EXERCISE DATA below:
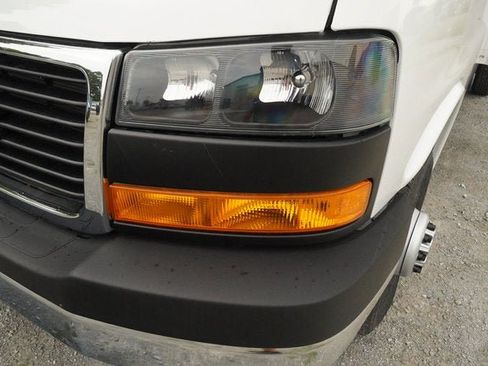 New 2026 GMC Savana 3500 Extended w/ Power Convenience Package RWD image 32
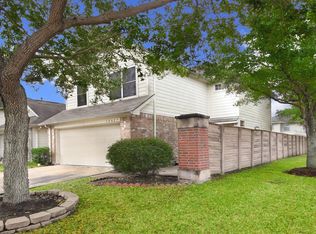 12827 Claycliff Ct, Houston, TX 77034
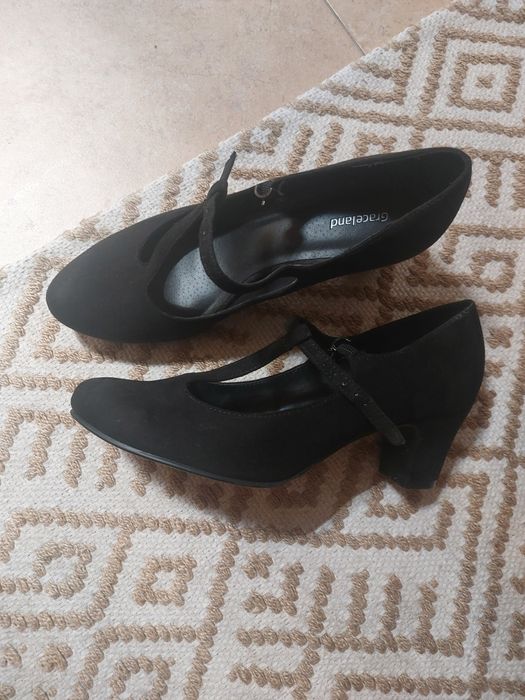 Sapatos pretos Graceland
End of EXERCISE DATA.
→ **WHAT IS NEEDED**: Reproduce the data above word for word and omit the images.

→ **TASK ANSWER**:
 New 2026 GMC Savana 3500 Extended w/ Power Convenience Package RWD image 32
 12827 Claycliff Ct, Houston, TX 77034
 Sapatos pretos Graceland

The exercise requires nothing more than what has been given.